(Data begins)
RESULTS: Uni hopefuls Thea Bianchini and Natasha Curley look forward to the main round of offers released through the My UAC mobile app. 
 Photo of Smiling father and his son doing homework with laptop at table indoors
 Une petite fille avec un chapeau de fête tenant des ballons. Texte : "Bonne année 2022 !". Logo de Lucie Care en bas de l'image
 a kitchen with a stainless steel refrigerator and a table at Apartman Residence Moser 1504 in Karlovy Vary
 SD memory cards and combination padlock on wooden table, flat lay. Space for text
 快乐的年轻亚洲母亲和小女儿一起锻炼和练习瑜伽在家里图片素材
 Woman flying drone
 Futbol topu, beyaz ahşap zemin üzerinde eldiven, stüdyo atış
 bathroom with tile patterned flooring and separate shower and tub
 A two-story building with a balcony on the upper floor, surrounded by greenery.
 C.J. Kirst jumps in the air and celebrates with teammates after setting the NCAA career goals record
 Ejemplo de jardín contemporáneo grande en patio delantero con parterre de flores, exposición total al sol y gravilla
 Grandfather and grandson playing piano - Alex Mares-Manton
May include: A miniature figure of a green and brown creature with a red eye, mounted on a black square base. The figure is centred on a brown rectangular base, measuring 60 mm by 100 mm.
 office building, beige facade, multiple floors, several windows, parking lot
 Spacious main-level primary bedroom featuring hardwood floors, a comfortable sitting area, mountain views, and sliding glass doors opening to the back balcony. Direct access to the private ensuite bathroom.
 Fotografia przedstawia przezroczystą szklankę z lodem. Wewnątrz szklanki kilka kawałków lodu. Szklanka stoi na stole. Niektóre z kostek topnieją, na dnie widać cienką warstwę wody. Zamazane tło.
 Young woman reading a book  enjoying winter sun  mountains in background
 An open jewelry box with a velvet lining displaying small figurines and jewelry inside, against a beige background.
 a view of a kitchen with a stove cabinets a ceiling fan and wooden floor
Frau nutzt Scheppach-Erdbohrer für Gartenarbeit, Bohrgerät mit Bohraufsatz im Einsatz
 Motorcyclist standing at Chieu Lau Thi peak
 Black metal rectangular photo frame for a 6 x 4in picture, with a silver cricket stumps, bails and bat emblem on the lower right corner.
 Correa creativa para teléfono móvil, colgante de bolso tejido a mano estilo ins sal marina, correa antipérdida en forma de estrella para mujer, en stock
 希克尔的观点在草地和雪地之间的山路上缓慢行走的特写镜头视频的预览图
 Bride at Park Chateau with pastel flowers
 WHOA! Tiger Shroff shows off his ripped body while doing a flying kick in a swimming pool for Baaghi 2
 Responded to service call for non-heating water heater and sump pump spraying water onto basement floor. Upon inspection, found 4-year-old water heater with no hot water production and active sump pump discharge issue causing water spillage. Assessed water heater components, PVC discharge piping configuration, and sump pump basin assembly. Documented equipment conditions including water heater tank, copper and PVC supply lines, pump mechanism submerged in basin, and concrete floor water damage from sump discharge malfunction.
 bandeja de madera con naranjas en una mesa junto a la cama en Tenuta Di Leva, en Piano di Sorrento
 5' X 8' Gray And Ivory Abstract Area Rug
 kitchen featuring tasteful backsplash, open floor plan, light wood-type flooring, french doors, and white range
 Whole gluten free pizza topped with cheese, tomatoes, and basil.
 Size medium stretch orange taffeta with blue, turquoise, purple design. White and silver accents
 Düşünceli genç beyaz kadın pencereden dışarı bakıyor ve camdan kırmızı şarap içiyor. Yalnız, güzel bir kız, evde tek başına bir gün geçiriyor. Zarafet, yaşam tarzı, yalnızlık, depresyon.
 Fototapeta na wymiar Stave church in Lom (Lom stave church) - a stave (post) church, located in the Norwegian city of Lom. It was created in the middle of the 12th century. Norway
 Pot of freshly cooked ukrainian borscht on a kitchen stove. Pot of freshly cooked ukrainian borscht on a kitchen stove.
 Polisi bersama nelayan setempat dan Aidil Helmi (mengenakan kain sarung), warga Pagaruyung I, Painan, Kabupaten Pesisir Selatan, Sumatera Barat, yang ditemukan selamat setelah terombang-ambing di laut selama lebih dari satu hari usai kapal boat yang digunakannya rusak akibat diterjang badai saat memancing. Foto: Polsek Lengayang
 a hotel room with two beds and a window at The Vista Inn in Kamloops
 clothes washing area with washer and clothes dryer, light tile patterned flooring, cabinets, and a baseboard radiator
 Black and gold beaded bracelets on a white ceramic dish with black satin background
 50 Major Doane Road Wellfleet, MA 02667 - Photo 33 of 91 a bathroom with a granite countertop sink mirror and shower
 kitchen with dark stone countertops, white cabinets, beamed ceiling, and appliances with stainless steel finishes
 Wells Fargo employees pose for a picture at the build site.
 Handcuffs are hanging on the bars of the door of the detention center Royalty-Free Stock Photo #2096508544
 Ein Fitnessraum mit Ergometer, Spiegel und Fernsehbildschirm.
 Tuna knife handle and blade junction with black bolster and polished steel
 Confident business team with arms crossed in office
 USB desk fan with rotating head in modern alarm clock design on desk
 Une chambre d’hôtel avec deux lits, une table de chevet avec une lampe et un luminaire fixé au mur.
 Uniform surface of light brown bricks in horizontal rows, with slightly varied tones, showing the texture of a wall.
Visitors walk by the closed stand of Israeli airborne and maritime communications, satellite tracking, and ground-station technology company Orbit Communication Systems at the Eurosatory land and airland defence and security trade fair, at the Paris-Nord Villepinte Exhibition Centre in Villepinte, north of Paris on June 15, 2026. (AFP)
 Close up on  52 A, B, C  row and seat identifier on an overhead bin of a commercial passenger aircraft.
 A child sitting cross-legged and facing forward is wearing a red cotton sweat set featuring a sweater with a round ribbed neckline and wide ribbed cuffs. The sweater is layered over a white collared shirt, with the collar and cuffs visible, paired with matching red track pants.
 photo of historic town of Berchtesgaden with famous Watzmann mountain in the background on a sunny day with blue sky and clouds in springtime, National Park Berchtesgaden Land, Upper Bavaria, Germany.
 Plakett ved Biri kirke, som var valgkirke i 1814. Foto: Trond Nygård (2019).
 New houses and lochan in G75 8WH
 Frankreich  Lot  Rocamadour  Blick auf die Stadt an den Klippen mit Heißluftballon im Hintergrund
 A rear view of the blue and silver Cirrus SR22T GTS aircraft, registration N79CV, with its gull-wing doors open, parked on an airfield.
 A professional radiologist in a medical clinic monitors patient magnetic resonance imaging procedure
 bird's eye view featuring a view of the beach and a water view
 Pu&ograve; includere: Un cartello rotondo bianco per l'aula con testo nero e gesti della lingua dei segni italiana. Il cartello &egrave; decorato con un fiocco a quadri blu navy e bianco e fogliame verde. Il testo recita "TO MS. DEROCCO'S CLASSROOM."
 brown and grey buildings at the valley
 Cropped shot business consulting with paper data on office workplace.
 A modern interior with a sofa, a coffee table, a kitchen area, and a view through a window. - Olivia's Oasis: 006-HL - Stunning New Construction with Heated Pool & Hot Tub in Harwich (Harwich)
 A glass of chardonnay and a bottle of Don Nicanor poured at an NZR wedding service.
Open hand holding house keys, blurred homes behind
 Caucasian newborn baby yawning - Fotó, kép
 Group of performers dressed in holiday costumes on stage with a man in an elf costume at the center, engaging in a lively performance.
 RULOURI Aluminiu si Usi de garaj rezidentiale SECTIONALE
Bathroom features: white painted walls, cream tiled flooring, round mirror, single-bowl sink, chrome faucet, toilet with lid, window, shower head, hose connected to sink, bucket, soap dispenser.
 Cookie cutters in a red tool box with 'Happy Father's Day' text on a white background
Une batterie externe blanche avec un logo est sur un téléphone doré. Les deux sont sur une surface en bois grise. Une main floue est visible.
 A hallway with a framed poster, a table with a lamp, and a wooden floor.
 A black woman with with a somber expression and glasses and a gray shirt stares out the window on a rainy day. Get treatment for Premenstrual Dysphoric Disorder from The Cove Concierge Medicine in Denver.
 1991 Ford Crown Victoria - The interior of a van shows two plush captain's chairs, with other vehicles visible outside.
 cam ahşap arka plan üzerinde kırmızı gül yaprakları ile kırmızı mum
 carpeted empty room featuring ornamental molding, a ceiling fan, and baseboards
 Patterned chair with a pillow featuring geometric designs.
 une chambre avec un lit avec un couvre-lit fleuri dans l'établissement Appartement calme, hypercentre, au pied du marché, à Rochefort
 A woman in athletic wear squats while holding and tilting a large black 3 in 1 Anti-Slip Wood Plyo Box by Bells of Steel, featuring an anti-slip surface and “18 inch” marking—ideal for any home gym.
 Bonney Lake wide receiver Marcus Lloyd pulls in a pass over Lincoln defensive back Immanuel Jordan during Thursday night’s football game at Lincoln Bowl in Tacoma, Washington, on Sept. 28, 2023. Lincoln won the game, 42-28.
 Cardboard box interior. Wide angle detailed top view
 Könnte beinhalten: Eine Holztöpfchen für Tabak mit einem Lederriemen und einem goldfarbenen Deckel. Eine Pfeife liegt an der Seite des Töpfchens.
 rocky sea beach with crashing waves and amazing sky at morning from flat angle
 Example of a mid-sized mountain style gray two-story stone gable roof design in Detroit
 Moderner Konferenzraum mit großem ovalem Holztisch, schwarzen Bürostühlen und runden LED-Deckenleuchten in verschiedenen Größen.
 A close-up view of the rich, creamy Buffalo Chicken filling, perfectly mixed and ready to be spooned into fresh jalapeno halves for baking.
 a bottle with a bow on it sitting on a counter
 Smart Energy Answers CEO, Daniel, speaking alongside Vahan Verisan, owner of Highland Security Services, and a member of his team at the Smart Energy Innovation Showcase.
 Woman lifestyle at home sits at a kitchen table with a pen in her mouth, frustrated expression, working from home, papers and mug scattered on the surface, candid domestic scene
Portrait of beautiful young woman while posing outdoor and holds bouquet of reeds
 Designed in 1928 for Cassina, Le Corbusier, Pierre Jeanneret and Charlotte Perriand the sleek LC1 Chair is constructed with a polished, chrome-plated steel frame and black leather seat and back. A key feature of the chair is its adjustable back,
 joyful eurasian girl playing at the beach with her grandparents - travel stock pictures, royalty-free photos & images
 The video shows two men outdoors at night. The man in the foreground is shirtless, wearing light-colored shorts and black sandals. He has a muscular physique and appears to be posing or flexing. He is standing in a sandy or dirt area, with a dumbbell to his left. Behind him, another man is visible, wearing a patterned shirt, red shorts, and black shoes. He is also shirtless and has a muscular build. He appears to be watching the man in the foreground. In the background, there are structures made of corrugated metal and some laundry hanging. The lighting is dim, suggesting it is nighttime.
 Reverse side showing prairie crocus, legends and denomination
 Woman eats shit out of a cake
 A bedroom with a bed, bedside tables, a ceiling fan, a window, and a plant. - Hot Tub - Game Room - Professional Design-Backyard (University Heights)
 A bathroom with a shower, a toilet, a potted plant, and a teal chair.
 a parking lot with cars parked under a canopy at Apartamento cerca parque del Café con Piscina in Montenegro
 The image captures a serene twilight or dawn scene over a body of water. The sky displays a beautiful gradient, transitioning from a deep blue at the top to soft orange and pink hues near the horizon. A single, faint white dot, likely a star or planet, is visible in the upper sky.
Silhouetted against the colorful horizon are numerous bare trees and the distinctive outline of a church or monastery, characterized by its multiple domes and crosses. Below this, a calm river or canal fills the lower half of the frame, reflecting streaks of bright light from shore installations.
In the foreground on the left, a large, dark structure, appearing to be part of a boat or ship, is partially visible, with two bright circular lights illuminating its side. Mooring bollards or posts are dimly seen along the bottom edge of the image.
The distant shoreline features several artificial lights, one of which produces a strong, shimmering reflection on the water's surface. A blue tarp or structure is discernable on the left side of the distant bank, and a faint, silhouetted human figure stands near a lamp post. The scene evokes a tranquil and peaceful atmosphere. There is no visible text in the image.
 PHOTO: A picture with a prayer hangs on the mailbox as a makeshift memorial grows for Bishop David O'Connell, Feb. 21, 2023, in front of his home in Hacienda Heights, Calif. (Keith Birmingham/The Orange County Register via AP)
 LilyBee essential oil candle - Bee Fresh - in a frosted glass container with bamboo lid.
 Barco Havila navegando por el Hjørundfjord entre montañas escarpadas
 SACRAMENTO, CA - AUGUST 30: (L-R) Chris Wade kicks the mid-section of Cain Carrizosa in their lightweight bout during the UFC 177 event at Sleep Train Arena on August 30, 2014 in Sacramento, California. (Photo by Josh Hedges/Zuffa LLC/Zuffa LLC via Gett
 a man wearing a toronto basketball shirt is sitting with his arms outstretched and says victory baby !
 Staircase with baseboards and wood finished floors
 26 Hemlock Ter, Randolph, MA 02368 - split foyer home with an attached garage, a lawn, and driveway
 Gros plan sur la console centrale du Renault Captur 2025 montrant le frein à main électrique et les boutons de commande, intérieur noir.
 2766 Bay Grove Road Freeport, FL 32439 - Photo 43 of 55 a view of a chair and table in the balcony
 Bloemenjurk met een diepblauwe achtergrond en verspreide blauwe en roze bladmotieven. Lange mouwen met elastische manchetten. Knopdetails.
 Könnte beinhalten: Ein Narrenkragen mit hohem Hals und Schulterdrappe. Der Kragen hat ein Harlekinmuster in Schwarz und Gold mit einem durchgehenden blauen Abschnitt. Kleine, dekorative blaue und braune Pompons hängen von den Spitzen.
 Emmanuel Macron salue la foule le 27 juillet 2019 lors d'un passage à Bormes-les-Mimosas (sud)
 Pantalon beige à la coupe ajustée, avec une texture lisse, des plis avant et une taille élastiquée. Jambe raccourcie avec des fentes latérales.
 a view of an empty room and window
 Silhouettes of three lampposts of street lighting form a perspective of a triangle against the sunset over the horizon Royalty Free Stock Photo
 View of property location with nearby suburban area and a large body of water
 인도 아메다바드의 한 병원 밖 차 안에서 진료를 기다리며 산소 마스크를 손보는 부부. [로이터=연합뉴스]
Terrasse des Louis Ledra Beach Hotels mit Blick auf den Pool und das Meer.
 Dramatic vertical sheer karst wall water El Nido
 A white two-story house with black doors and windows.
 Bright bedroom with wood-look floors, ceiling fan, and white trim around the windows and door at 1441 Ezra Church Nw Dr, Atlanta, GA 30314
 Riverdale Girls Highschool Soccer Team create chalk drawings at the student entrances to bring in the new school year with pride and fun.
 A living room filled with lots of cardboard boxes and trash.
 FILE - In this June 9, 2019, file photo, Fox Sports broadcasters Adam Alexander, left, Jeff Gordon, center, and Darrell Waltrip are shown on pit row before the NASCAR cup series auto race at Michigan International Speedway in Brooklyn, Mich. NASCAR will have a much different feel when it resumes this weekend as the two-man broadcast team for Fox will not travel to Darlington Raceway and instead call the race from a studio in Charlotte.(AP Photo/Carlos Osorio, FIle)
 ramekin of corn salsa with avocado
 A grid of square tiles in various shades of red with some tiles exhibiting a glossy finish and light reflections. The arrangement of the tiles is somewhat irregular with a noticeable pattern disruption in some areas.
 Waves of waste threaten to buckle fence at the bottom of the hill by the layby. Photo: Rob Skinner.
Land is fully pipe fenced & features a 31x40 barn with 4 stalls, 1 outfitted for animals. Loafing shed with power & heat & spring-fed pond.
(Data ends)
» Work to complete
Search the entries for the word "deux", then copy every line in which it is found.

» Worked solution
 Une chambre d’hôtel avec deux lits, une table de chevet avec une lampe et un luminaire fixé au mur.
Une batterie externe blanche avec un logo est sur un téléphone doré. Les deux sont sur une surface en bois grise. Une main floue est visible.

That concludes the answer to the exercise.